Note that p-values don't tell us anything about effect size.

## Hypothesis Testing Errors

There are two types of errors we will encounter with hypothesis testing:

- A **type I** error is when we reject the null hypothesis, but, in reality, the null hypothesis is true.
- A **type II** error is when we fail to reject the null hypothesis when it is actually false.

The table below shows us the possible outcomes of a hypothesis test.

| &nbsp;       | $H_0$ is true                 | $H_0$ is false                 |
| ------------ | -------------                 | --------------                 |
| Accept $H_0$ | True Negative                 | False Negative (Type II Error) |
| Reject $H_0$ | False Positive (Type I Error) | True Positive                  |


## In Practice


This question and others are what we answer using hypothesis testing. 

Thinking about the telco-churn dataset, here are some questions we might initially have of the data:

1. Do customers churn because their bills are too high? 

2. Is their internet too slow? Maybe there's something wrong with certain internet options? 

3. Do customers get charged more the longer they are there? 

Questions do not usually start off in an organized way. So let's restructure these questions into something that will help us know how to test the questions. 

1. Do those who churn spend more than those who do not churn? 

2. Are certain internet types more or less likely to churn?

3. Is there a linear relationship between tenure and average monthly charges? 

Let's explicitly call out the associated variables and their datatype for these questions. 

1. Do those who churn (has_churned, boolean) spend more each month (avg_monthly_spend, numeric) than those who do not churn? 

2. Are customers with Fiber (has_fiber, boolean) more likely to churn (has_churned, boolean) than those without?

3. Are sr. citizens (is_senior_citizen, boolean) more likely to churn (has_churned, boolean)?

4. Are customers without auto payment (has_autopayment, boolean) more likely to churn (has_churned, boolean)? 

5. Do customers who churn (has_churned, boolean) have lower tenure (tenure_months, numeric)? 

6. Is there a linear relationship between tenure (tenure_months, numeric) and total charges (ttl_charges, numeric)?

7. Is there a linear relationship between tenure (tenure_months, numeric) and average monthly charges (avg_monthly_charges, numeric)? 


The types of tests we run depends on the question and data types:

1. Do those who churn (has_churned, boolean) spend more each month (avg_monthly_spend, numeric) than those who do not churn? (boolean x numeric: comparison of means (t-test) across the 2 groups)
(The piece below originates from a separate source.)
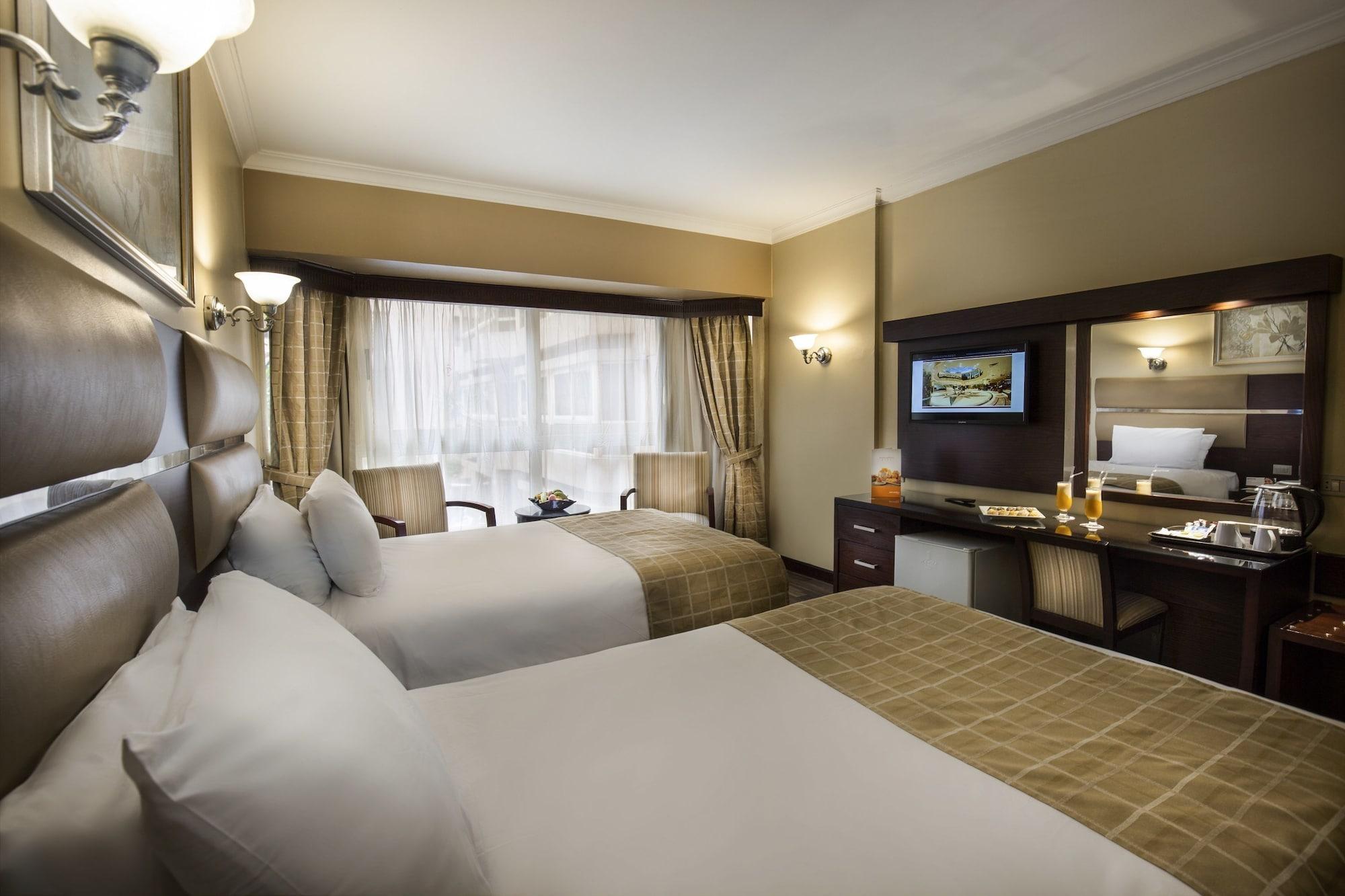 Pyramisa Suites Hotel Cairo Giza Zewnętrze zdjęcie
2. Are customers with Fiber (has_fiber, boolean) more likely to churn (has_churned, boolean) than those without? (boolean x boolean: comparison of proportions/relationships)

3. Are sr. citizens (is_senior_citizen, boolean) more likely to churn (has_churned, boolean)? (boolean x boolean: comparison of proportions/relationships)

4. Are customers without auto payment (has_autopayment, boolean) more likely to churn (has_churned, boolean)?  (boolean x boolean: comparison of proportions/relationships)

5. Do customers who churn (has_churned, boolean) have lower tenure (tenure_months, numeric)? (boolean x numeric: comparison of means (t-test) across the 2 groups)

6. Is there a linear relationship between tenure (tenure_months, numeric) and total charges (ttl_charges, numeric)? (numeric x numeric: linear correlation between two continuous values, does one affect the other. (pearson's correlation))

7. Is there a linear relationship between tenure (tenure_months, numeric) and average monthly charges (avg_monthly_charges, numeric)?  (numeric x numeric: linear correlation between two continuous values, does one affect the other. (pearson's correlation))

## Exercises

Do your work for this exercise in a jupyter notebook named `hypothesis_testing.ipynb`.

For each of the following questions, formulate a null and alternative hypothesis (be as specific as you can be), then give an example of what a true positive, true negative, type I and type II errors would look like. Note that some of the questions are intentionally phrased in a vague way. It is your job to reword these as more precise questions that could be tested.

- Has the network latency gone up since we switched internet service providers?
- Is the website redesign any good?
- Is our television ad driving more sales?